Credit score Suisse’s Penalty Reveals a Sample
A part of Credit score Suisse’s advantageous was tied to older compliance breaches involving U.S. accounts. Whereas in a roundabout way associated to the present scandal, MAS factored them in.
That call factors to one thing deeper. From what I can see, extra of a historic danger patterns that go unnoticed as a result of totally different elements of the organisation function in isolation.
Baran Ozkan highlighted that almost all large international banks nonetheless run region-specific techniques, insurance policies, and knowledge warehouses.
“That siloed structure might fulfill native rules, nevertheless it buries danger indicators in separate contexts,” he identified.
MAS additionally flagged that some establishments didn’t act even after submitting Suspicious Transaction Studies (STRs). From Baran’s perspective, that’s a severe concern, and a standard one.
An STR, quoting Baran, is “meant to be the fire-alarm that units a full response in movement, not the ultimate tick on a guidelines.”
In lots of banks, STRs are filed by one workforce, whereas investigation and follow-up sit some other place solely. With out a clear, linked workflow, nothing occurs after the report is submitted.
Baran defined that it’s not principally about folks slicing corners.
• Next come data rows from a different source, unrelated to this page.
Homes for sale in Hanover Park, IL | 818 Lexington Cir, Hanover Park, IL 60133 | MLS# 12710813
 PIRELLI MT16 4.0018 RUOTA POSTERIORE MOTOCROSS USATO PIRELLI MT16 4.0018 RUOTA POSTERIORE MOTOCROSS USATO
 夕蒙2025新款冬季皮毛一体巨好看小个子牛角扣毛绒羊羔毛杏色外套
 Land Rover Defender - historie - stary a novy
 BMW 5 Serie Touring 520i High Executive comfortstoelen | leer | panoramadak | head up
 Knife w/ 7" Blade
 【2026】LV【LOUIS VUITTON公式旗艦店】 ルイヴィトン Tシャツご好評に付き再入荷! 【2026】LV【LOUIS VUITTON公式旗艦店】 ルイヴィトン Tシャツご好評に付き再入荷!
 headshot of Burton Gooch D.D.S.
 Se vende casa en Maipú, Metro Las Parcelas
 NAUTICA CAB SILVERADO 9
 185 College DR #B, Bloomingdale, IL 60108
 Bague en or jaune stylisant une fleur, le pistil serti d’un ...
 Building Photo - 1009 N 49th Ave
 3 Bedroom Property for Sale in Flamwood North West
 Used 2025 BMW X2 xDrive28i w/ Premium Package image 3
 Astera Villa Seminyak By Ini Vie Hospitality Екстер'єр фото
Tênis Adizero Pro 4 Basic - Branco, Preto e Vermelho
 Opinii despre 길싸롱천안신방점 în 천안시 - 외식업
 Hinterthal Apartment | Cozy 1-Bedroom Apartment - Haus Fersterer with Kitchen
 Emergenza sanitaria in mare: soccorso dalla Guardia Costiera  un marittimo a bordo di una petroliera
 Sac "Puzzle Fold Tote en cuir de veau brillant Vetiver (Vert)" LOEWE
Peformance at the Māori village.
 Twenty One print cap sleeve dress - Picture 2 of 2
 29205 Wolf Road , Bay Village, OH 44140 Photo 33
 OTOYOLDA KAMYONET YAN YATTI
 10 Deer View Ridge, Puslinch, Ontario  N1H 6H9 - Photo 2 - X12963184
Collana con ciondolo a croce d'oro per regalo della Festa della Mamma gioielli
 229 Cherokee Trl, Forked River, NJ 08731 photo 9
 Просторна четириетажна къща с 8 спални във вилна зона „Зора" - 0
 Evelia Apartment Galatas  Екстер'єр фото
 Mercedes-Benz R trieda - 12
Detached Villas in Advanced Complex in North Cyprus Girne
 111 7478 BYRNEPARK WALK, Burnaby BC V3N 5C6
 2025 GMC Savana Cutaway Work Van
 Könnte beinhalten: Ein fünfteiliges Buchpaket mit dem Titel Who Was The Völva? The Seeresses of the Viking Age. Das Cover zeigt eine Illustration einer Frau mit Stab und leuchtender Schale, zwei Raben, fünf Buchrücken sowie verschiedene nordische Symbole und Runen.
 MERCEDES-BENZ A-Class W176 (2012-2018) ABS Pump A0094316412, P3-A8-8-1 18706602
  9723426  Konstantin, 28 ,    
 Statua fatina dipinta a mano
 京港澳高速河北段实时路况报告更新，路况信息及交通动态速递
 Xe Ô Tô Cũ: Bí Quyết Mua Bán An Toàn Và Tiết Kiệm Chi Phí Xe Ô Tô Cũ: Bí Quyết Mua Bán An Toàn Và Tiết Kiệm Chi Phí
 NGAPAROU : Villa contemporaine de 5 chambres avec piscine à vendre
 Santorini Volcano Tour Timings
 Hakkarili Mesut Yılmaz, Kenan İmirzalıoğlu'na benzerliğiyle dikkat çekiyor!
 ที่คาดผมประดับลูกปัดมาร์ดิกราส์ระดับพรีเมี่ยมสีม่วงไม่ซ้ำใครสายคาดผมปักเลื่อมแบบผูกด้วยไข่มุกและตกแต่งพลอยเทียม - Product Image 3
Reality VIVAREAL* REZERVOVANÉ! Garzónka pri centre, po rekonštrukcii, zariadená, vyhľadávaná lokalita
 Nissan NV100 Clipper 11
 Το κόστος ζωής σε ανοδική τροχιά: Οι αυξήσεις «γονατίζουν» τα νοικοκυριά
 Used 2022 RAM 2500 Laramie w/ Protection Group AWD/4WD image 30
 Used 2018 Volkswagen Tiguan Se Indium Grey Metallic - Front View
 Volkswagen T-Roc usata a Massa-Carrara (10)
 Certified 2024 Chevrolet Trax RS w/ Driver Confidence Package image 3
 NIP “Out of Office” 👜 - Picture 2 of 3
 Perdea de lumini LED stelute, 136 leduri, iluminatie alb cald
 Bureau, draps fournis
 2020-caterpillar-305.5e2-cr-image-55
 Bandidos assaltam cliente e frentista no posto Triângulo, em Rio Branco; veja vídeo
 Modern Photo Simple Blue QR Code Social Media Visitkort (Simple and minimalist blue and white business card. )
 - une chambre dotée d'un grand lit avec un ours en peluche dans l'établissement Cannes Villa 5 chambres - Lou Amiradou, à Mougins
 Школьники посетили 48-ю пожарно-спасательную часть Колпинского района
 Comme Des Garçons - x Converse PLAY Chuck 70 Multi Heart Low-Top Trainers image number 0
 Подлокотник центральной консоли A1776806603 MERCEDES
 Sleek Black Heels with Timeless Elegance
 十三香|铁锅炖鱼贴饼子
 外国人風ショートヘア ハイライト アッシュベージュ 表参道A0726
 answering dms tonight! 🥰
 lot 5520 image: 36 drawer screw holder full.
From what he noticed, is that it’s the infrastructure that’s at the moment limiting these banks’ capability to behave.
We Are Overdue for a Rethink
In accordance with Baran, we (as a gaggle) are overdue for a rethink. It’s because he believes that, quoting him,
“The rulebook itself isn’t the issue. The toolings that run beneath it are.”
Whereas rules have developed and criminals have turn into extra refined, many establishments are nonetheless counting on outdated infrastructure. In Singapore, significantly, batch jobs, on-prem {hardware}, and disconnected dashboards aren’t constructed for the type of dynamic, real-time oversight AML now calls for.
What’s wanted, he says, is a contemporary compliance spine.
One thing cloud-native, built-in, and quick sufficient to convey all elements of the danger image collectively (from buyer profiles to alerts, and all the best way to historic context) so groups can reply earlier than the harm is completed.
“Get these proper and at the moment’s rulebook lastly works as meant,” he mentioned.
MAS has mentioned remediation efforts are underway.
Establishments are reviewing their processes, upgrading techniques, and reassigning personnel. But when there’s one factor this newest enforcement spherical makes clear, it’s that coverage alone isn’t sufficient.
And as Baran reminded, “Ignore them and the business will preserve paying multimillion-dollar tuition for a similar lesson.”